#### About this task
The required result is an exact copy of every line from the one with "Mặc tuyết rơi, Moyes" through the last line below, with the pictures left out.

#### Extracted records
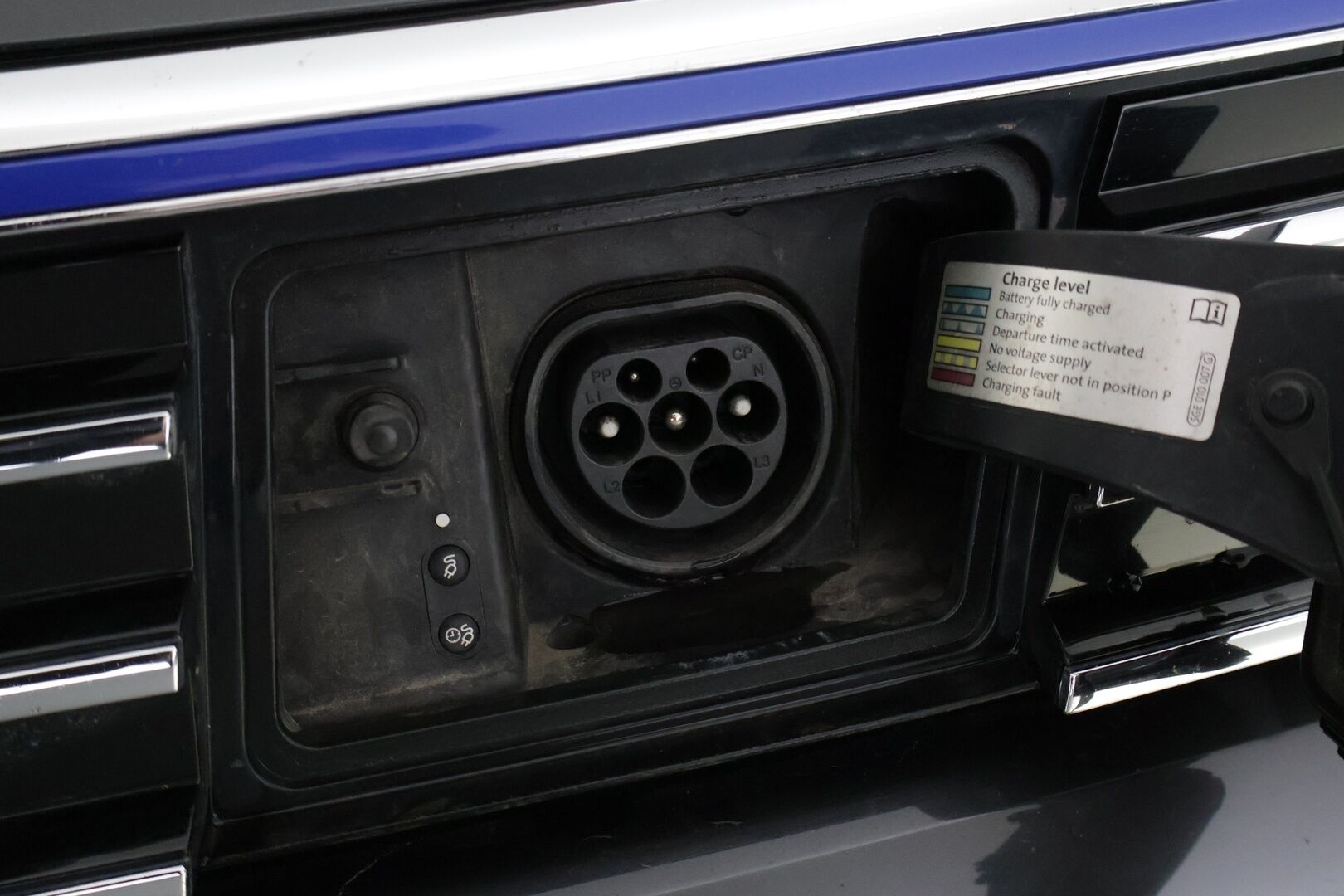 Volkswagen Passat 2018 Variant GTE Plug-In Hybrid 160kW DSG *ACC / Webasto / Digimittaristo / P-Kamera / Muistipenkki / Nahka-Alcantara* - Merkkihuollettu / 2 renkaat / Ambient / Hierova kuljettajan istuin*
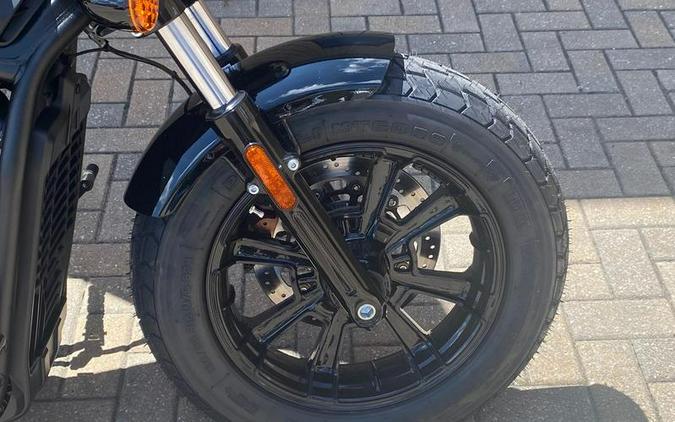 2025 Indian Motorcycle® Scout® Bobber Black Metallic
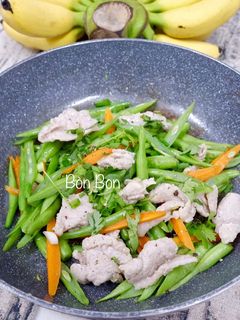 Hình của món Thịt Heo Xào Đậu Que.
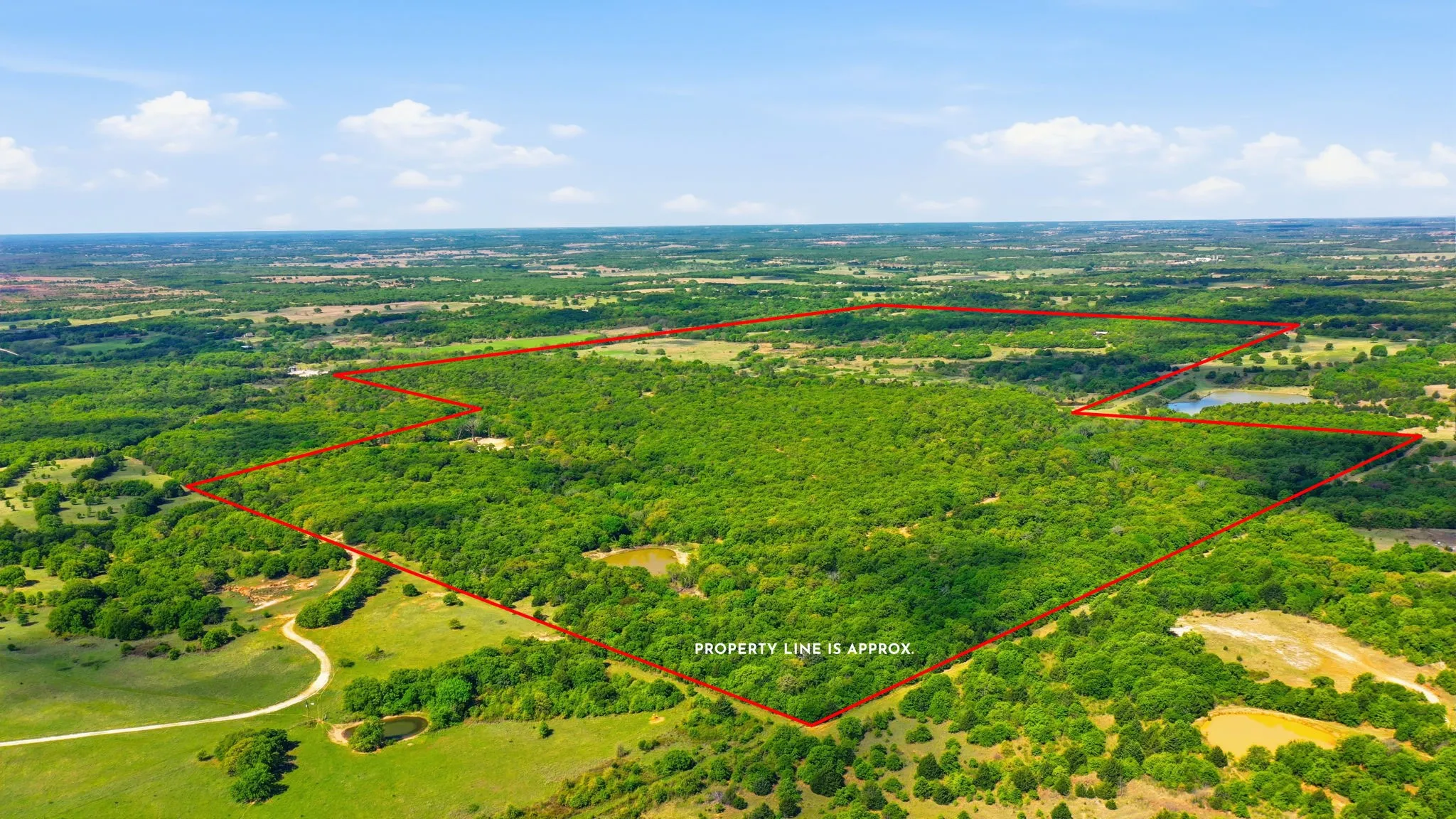Farm For Sale in Montague County , 2197 Netherly Lane, Forestburg, Texas 76239, 2 Bedroom, 3 Bathroom, Garage spaces, 4,224 Sqft, built in 2014, mls#21239265, Real Estate Agent in Forestburg, Homes For Sale in Montague county, Homes For Sale in Forestburg, Realtor in Forestburg Texas, Real Estate Brokerage Independent Realty Texas, Luminita Cordes Realtor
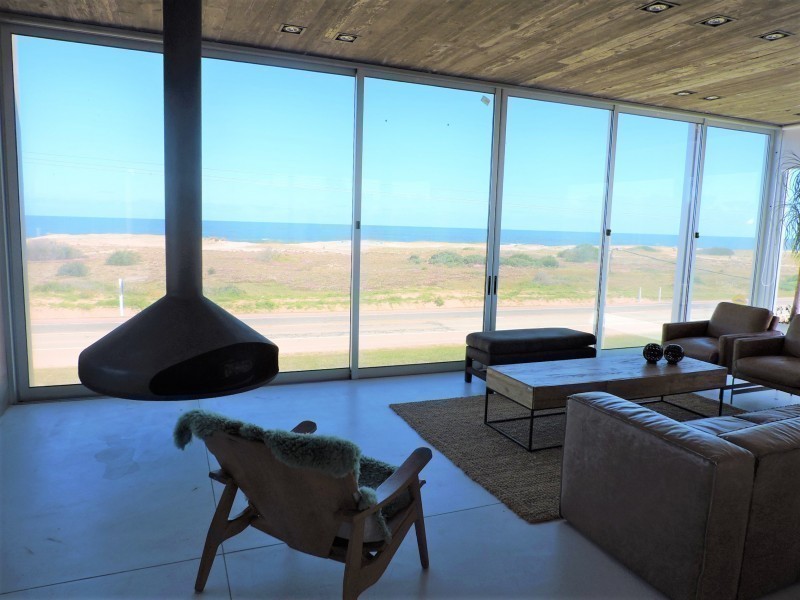 Casa moderna ubicada frente al mar diseñada por Martin Gomez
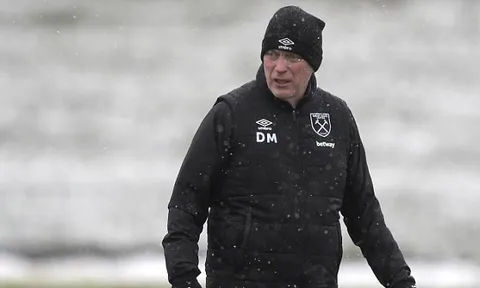 Mặc tuyết rơi, Moyes hò hét chỉ đạo học trò gây sốc cho Arsenal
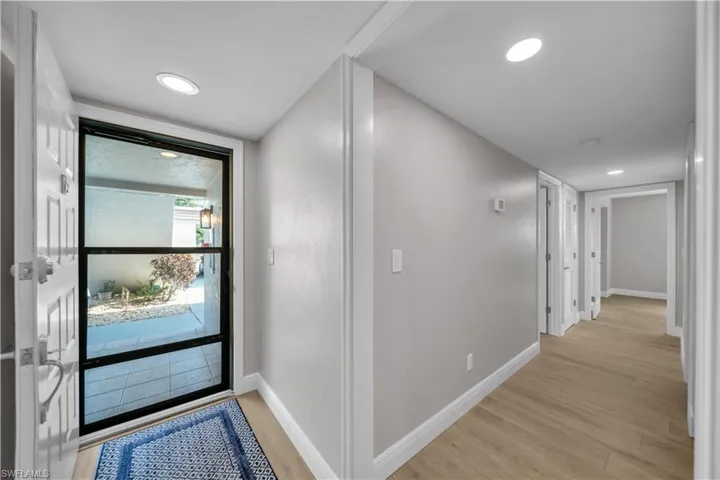 5790 Trailwinds Dr 111, Fort Myers, Florida 33907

#### Task result
 Mặc tuyết rơi, Moyes hò hét chỉ đạo học trò gây sốc cho Arsenal
 5790 Trailwinds Dr 111, Fort Myers, Florida 33907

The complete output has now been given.